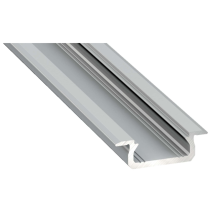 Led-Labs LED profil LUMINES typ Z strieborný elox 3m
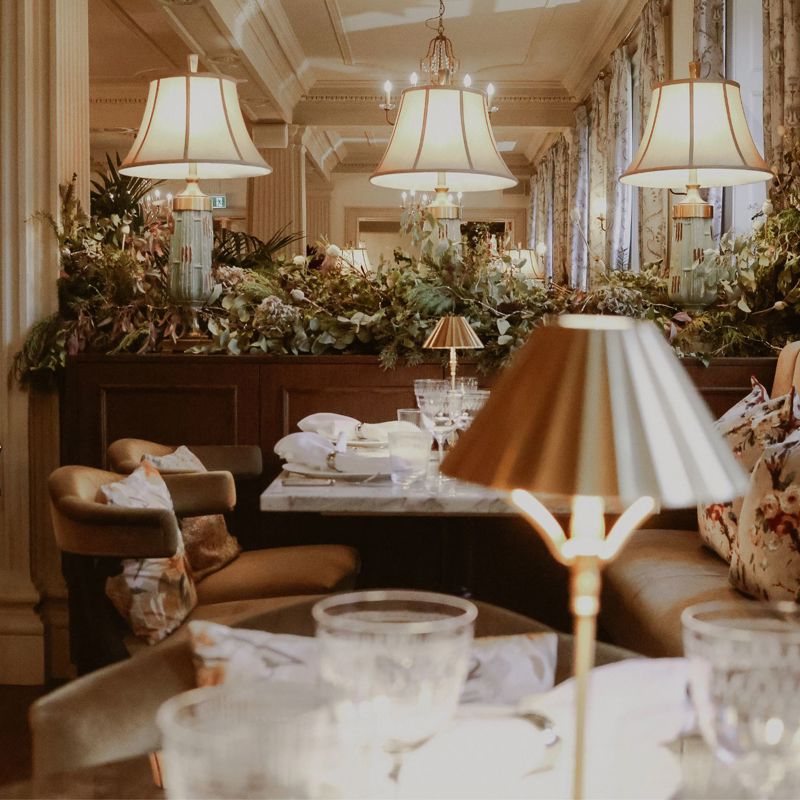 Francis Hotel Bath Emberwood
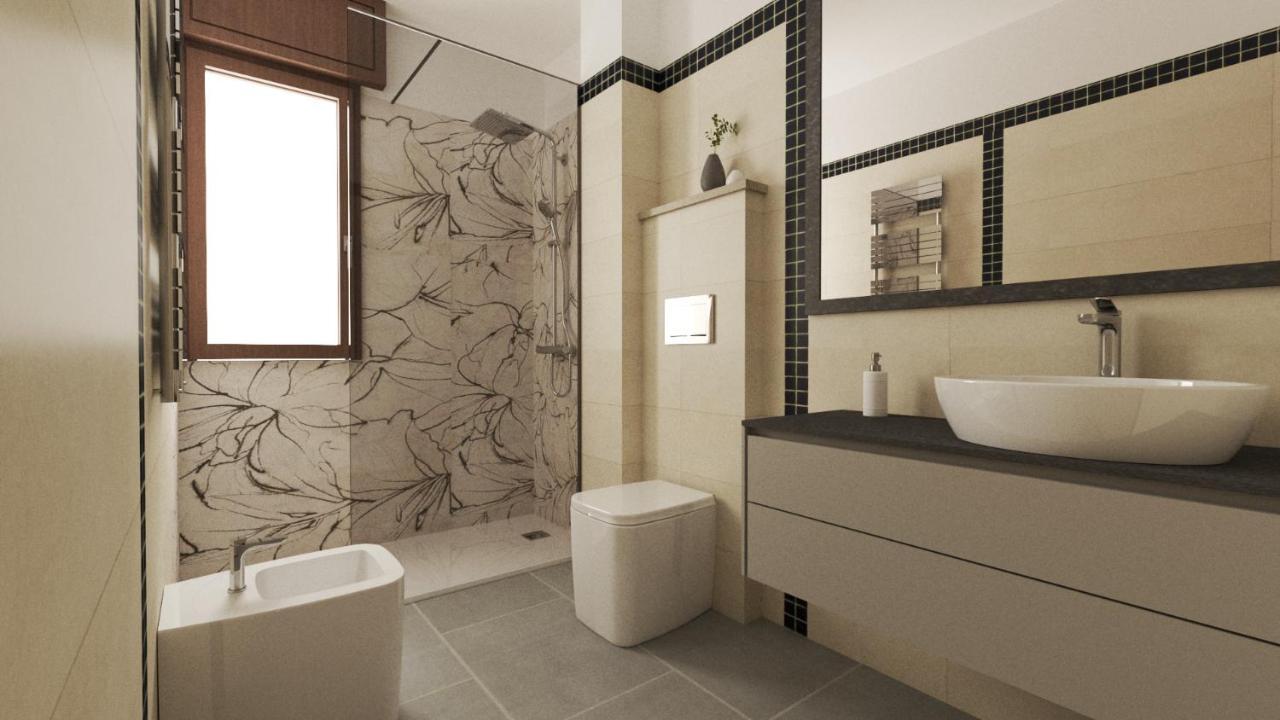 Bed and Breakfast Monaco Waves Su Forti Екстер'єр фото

━━━━━━━━

= Task statement =
Please give every line above again word for word, apart from the pictures.

= Solution =
 Led-Labs LED profil LUMINES typ Z strieborný elox 3m
 Francis Hotel Bath Emberwood
 Bed and Breakfast Monaco Waves Su Forti Екстер'єр фото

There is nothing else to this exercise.